Après plusieurs jours de mer agitée dissuadant les départ, les migrants sont partis mercredi de Sabrata en début d'après-midi, à la faveur d'une accalmie, à bord d'un canot pneumatique où leurs passeurs ont entassé environ 130 personnes, dont au moins une douzaine de femmes et trois jeunes enfants.
Mais très vite, le vent s'est levé, les vagues se sont creusées, "c'est devenu l'enfer", a raconté Aris Messinis, un photographe de l'AFP embarqué sur l'Astral, le navire de l'ONG espagnole Proactiva Open Arms qui patrouillait non loin de là.
En fin d'après-midi, les migrants ont lancé un appel désespéré aux gardes-côtes italiens, qui coordonnent les secours dans la zone et ont mobilisé l'Astral mais aussi le Phoenix de l'ONG maltaise Moas et le Iuventa de l'ONG allemande Jugend Rettet.
Alors que la nuit était tombée, le drone du Phoenix a réussi à repérer le canot... à 8 milles nautiques des côtes libyennes, soit 4 milles à l'intérieur de cette zone où les navires de secours étrangers ne peuvent pas intervenir.
Cette année, plusieurs navires humanitaires ont essuyé des tirs ou reçu la visite d'hommes armés pour s'être trop approchés des eaux libyennes. En septembre, les gardes-côtes libyens ont arrêté deux Allemands de l'ONG Sea-Eye en affirmant qu'ils avaient franchi la ligne.
Souvent, les secours ont dû attendre qu'une embarcation surchargée parvienne tant bien que mal dans les eaux internationales pour intervenir. Mais mercredi soir, il était évident que le canot n'y arriverait pas.
"Nous avons dit aux gardes-côtes libyens que nous entrions (dans les eaux libyennes) quoi qu'il arrive parce que le bateau était en train de couler et ils ont finalement accepté", a raconté le photographe de l'AFP.
- "Il pleurait et s'agrippait" -
Une porte-parole du Moas a confirmé que l'opération avait eu lieu dans les eaux libyennes, expliquant que cela s'était déjà produit au moins une fois il y a quelques semaines, toujours avec l'accord des gardes-côtes libyens.
A la lumière de leurs projecteurs, les secouristes ont réussi à mettre en sûreté 113 personnes -- 89 hommes, 11 femmes, 11 adolescents et deux enfants -- à bord du Phoenix.
Mais selon le Moas, ces survivants ont assuré avoir été environ 130 au départ. Parmi ceux qui manquent à l'appel: une jeune fille de 16 ans, les cinq compagnons de voyage d'un adolescent... et un petit garçon de presque trois ans.
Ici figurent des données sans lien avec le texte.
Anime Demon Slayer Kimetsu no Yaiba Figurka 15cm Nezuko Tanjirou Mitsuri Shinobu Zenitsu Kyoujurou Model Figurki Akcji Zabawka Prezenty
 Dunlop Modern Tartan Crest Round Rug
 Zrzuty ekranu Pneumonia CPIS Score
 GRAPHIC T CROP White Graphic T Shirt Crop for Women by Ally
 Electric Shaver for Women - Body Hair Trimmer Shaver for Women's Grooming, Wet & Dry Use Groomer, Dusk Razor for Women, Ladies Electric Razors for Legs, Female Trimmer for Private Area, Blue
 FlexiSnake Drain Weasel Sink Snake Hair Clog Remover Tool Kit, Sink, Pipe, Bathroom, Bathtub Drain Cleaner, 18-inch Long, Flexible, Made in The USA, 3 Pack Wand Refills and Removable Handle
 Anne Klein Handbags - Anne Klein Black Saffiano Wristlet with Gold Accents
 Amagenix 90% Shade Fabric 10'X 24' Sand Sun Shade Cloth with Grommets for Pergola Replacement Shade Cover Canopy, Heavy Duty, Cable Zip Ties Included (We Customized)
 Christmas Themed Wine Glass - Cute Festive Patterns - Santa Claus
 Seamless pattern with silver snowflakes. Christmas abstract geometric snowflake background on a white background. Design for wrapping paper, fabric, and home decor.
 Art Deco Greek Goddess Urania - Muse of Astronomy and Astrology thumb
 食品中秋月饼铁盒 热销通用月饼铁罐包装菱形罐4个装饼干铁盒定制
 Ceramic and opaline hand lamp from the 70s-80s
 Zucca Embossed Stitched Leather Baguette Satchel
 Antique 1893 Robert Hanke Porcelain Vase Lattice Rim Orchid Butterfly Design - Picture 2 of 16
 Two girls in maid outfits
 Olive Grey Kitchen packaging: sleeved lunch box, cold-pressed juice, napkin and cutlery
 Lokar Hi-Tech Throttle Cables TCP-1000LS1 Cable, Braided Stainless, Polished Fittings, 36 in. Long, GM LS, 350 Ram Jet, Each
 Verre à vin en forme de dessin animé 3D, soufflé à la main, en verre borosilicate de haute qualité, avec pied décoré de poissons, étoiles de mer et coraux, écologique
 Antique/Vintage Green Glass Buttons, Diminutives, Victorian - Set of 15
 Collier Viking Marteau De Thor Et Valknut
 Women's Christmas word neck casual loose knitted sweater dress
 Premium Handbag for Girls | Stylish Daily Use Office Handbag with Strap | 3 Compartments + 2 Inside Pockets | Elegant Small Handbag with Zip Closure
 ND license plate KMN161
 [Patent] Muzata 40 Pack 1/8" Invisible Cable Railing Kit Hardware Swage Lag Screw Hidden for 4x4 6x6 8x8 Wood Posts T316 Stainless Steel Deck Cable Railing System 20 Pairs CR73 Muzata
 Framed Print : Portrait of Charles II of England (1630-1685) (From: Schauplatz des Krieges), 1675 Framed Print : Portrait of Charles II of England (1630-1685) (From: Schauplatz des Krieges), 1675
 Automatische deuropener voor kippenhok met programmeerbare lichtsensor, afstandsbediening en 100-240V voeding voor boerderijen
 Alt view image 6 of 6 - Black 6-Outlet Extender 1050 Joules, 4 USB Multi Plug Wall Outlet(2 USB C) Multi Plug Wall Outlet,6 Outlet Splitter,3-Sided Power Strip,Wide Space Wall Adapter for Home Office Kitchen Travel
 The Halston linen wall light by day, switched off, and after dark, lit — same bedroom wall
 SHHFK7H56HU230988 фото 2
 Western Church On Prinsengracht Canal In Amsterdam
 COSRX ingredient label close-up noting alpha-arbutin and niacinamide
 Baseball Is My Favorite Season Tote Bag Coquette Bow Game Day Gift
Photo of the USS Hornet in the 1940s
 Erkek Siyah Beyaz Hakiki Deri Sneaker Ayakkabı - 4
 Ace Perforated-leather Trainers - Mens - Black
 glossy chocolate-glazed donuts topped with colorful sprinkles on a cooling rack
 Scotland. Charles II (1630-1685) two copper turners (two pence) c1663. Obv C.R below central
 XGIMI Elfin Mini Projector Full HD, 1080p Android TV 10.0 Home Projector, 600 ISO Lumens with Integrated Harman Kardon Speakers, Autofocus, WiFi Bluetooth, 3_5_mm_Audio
"J'étais sur le canot avec mon fils, il pleurait et s'agrippait à moi. La mer était agitée et le bateau prenait l'eau. A un moment des gens ont paniqué. J'ai été poussée à l'eau et j'ai perdu mon fils dans le chaos, alors que j'essayais d'attraper un gilet de survie. Il aurait eu trois ans dans quelques jours", a raconté sa mère, en état de choc, à bord du Phoenix, selon un communiqué du Moas.
En pleine nuit et malgré les conditions difficiles, les secouristes ont cherché pendant une heure dans la zone, sans trouver ni survivant ni corps.
Outre la peur et pour certains de longues heures dans l'eau, de nombreux rescapés souffrent de brûlures dues au carburant, dont une femme brûlée sur 36% du corps mais qu'il était impossible d'évacuer par hélicoptère dans l'immédiat en raison des conditions météorologiques.
Mélangé à l'eau salé, le carburant a des effets dévastateurs sur la peau, en particulier pour les femmes qui, contrairement aux hommes, n'osent pas retirer leurs vêtements souillés.
Depuis le début de l'année, l'Italie a vu débarquer près de 145.000 migrants sur ses côtes. Selon l'ONU, au moins 3.626 sont morts ou disparus en mer.